**What this task involves:**
Omit images. Retype all entries verbatim.

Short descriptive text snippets
---+---

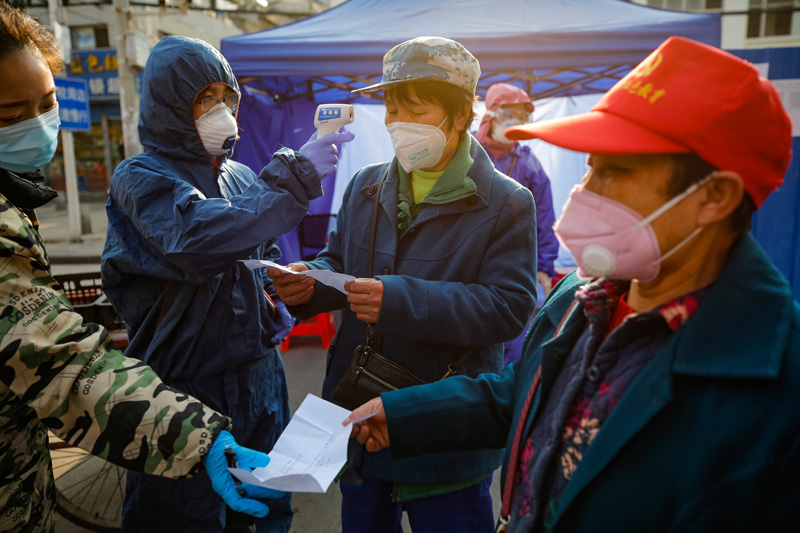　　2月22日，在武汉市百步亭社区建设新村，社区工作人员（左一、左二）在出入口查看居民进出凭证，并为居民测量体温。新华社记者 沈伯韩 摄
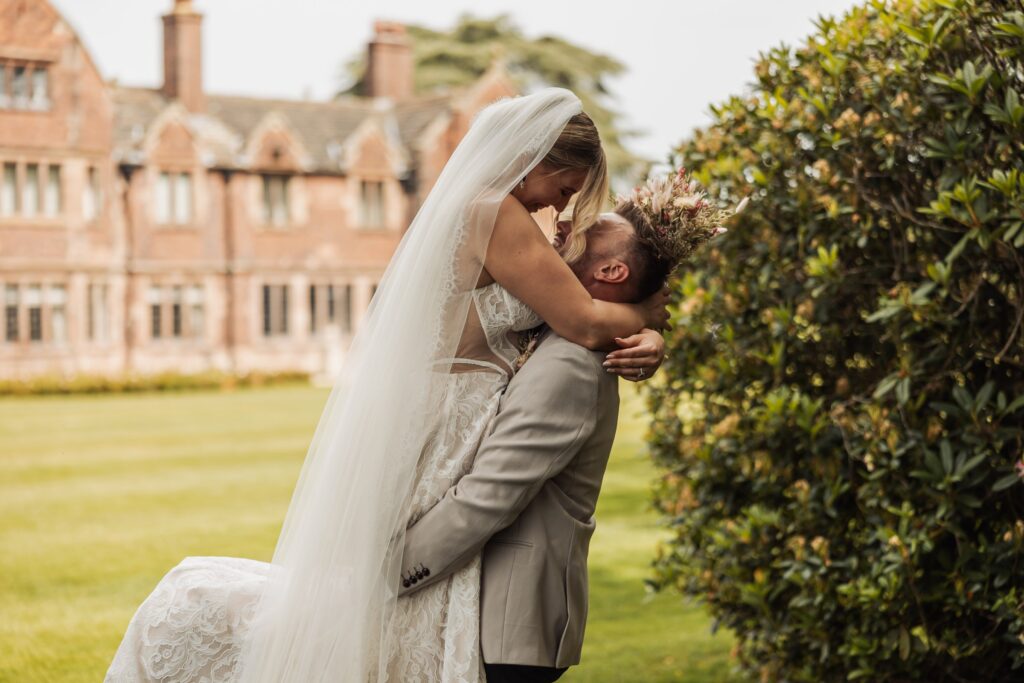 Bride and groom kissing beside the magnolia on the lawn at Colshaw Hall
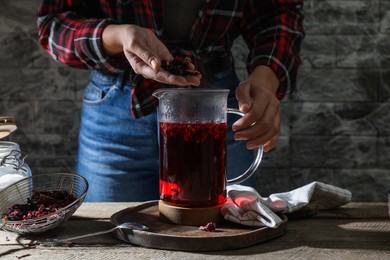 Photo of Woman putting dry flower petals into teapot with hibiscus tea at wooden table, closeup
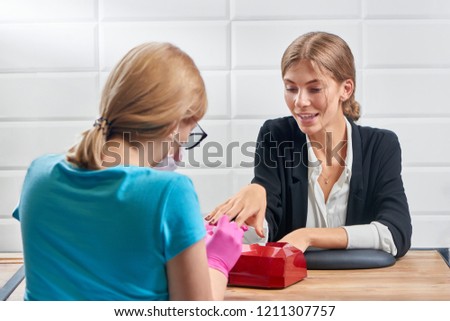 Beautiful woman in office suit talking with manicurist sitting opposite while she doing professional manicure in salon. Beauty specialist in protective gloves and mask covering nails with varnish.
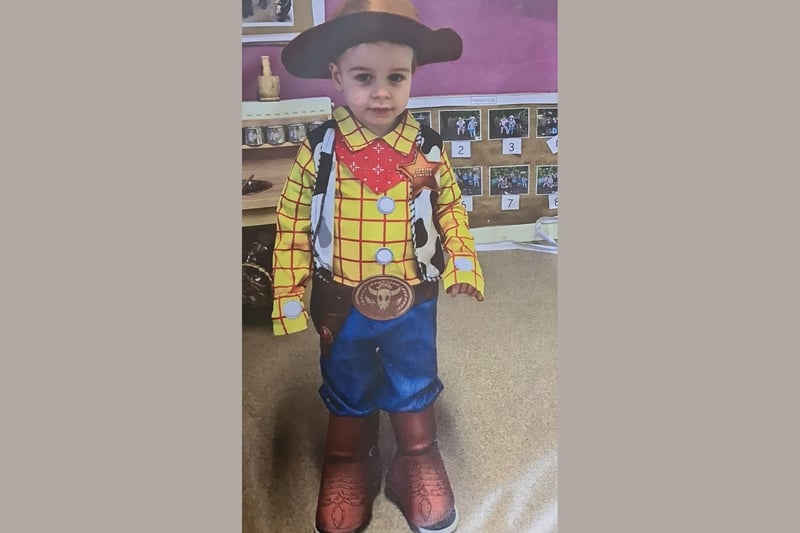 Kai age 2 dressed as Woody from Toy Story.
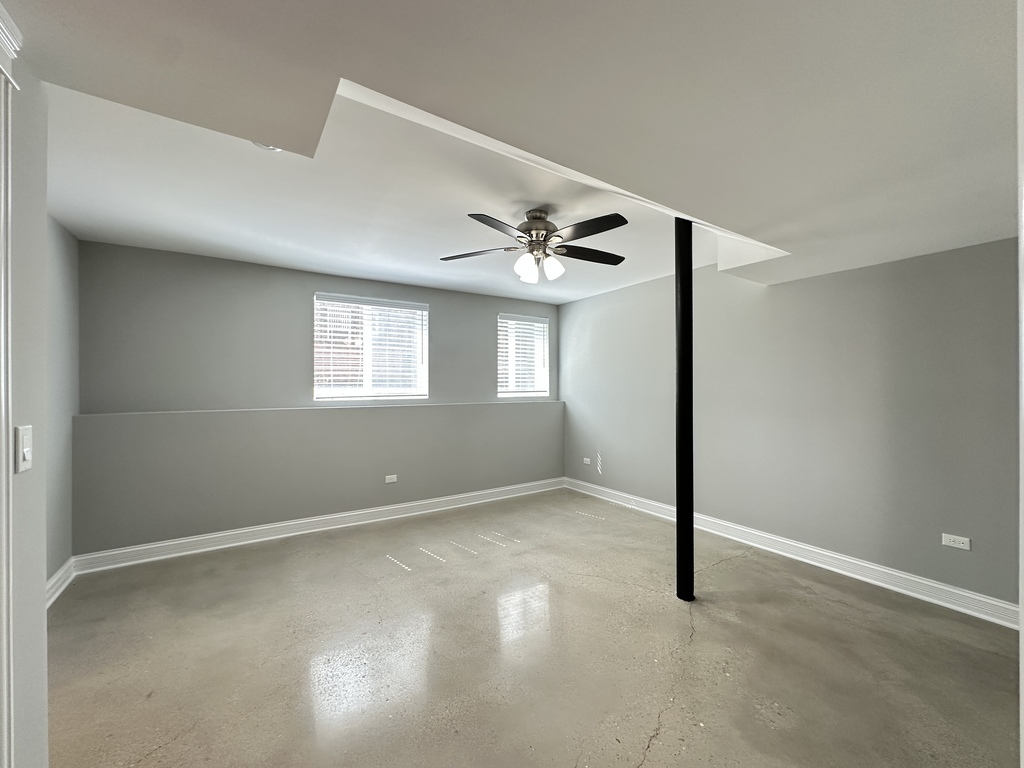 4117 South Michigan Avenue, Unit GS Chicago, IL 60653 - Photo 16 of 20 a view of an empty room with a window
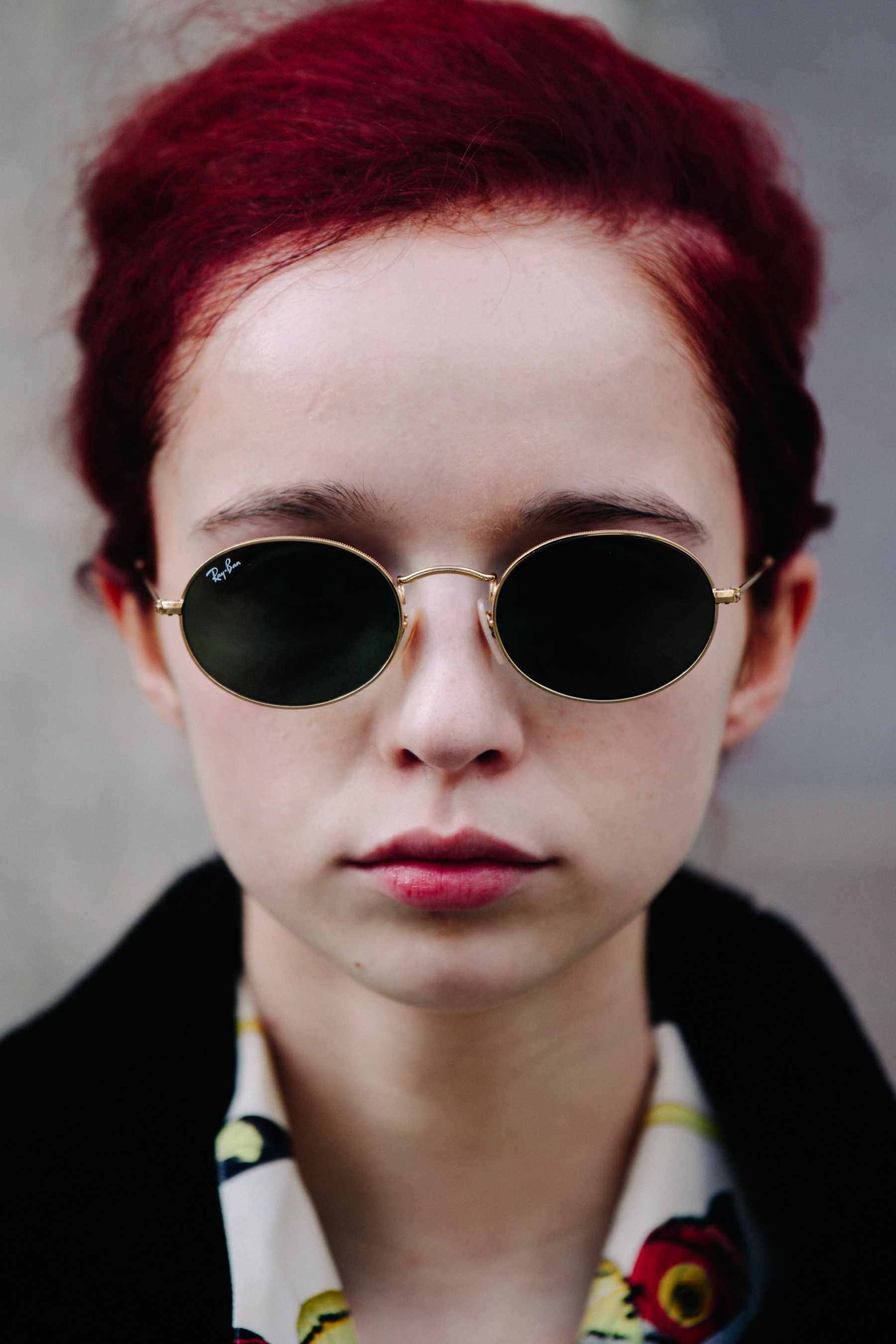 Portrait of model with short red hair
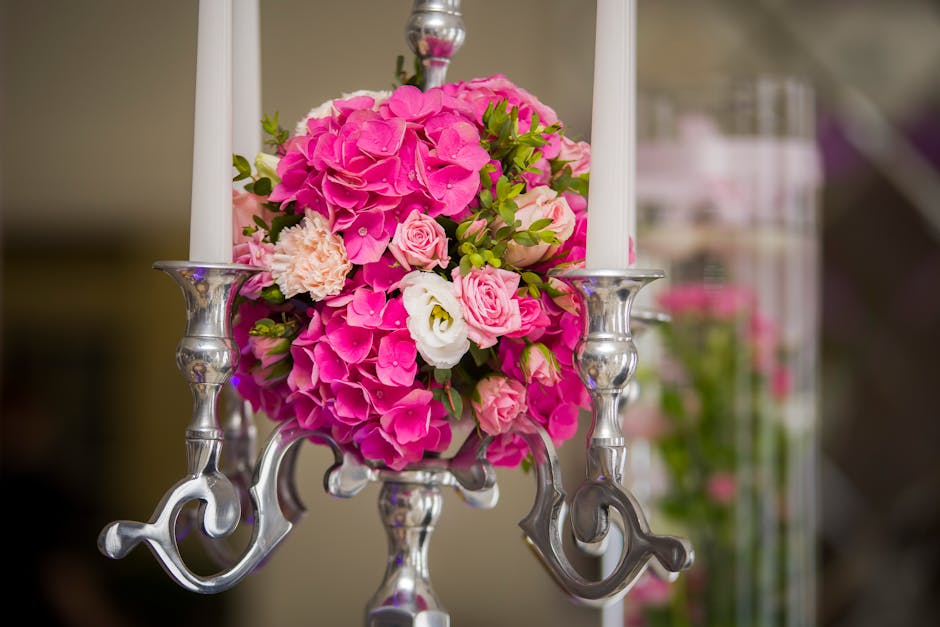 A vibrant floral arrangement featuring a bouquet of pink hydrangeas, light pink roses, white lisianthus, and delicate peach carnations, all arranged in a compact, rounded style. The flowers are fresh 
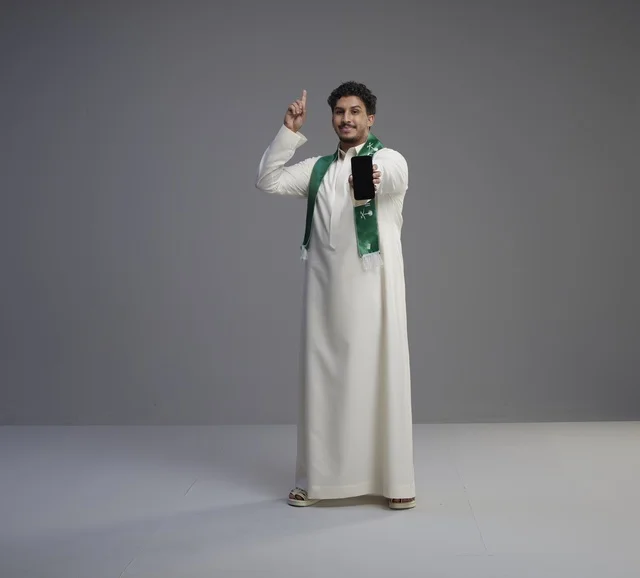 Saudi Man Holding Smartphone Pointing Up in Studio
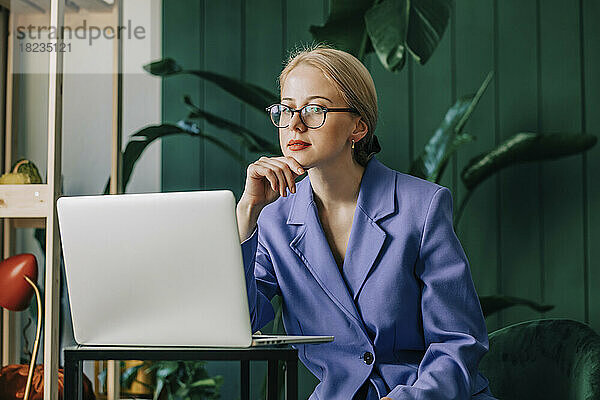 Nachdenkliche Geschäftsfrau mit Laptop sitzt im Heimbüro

---+---

**Solution to this task:**
　　2月22日，在武汉市百步亭社区建设新村，社区工作人员（左一、左二）在出入口查看居民进出凭证，并为居民测量体温。新华社记者 沈伯韩 摄
 Bride and groom kissing beside the magnolia on the lawn at Colshaw Hall
 Photo of Woman putting dry flower petals into teapot with hibiscus tea at wooden table, closeup
 Beautiful woman in office suit talking with manicurist sitting opposite while she doing professional manicure in salon. Beauty specialist in protective gloves and mask covering nails with varnish.
 Kai age 2 dressed as Woody from Toy Story.
 4117 South Michigan Avenue, Unit GS Chicago, IL 60653 - Photo 16 of 20 a view of an empty room with a window
 Portrait of model with short red hair
 A vibrant floral arrangement featuring a bouquet of pink hydrangeas, light pink roses, white lisianthus, and delicate peach carnations, all arranged in a compact, rounded style. The flowers are fresh 
 Saudi Man Holding Smartphone Pointing Up in Studio
 Nachdenkliche Geschäftsfrau mit Laptop sitzt im Heimbüro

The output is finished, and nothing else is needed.